-- EXERCISE DESCRIPTION --
Only lines holding the word "Used" are needed; copy each of them from the material.

-- SOURCE MATERIAL --
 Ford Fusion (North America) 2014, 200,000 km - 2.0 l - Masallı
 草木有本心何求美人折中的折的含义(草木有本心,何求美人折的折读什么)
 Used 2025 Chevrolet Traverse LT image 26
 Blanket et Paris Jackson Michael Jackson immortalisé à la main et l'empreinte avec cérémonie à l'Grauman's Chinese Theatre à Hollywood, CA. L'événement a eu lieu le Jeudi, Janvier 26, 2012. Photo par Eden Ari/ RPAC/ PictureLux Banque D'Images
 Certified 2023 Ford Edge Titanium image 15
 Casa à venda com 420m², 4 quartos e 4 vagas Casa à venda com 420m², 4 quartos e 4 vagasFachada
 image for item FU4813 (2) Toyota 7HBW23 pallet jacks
...
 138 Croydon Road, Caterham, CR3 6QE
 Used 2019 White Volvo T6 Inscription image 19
---
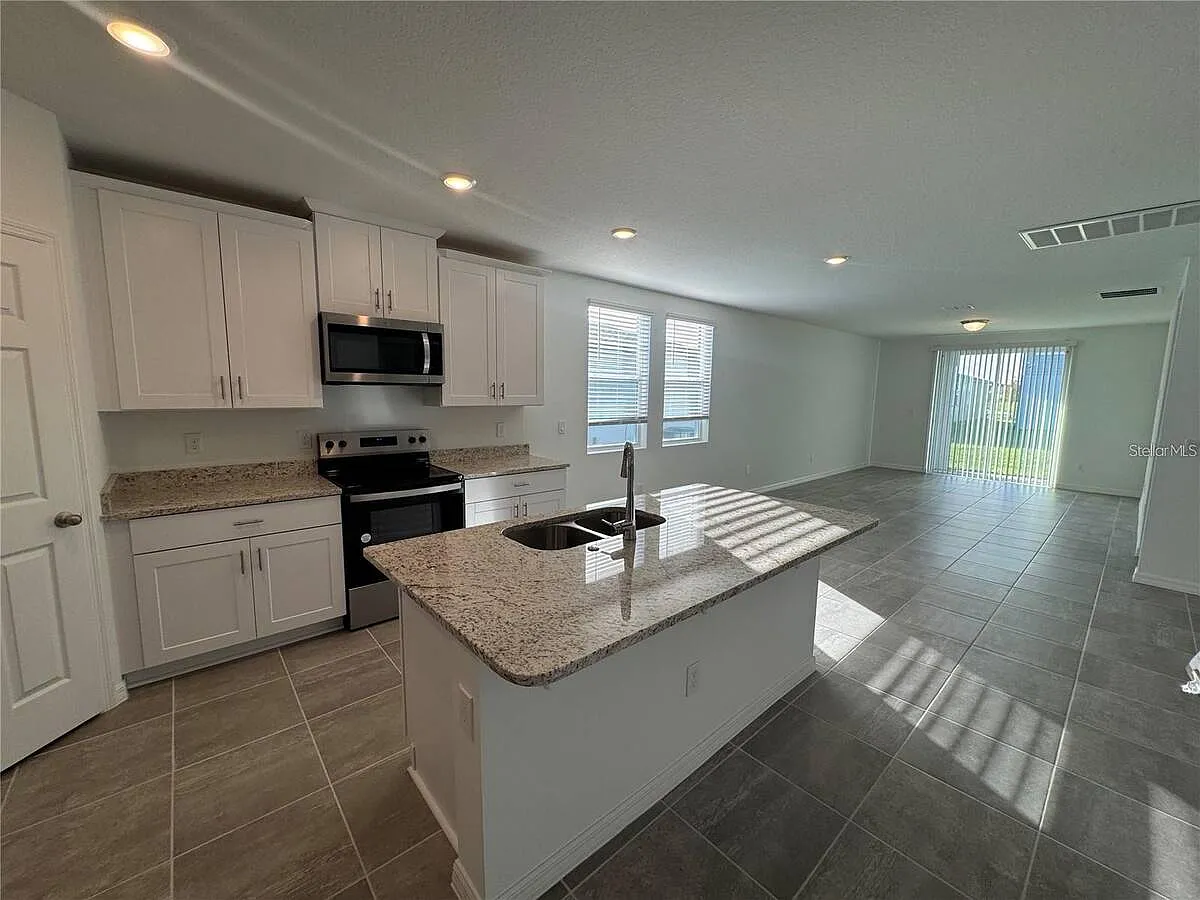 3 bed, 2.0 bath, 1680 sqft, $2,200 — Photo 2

-- REPLY TO THE EXERCISE --
 Used 2025 Chevrolet Traverse LT image 26
 Used 2019 White Volvo T6 Inscription image 19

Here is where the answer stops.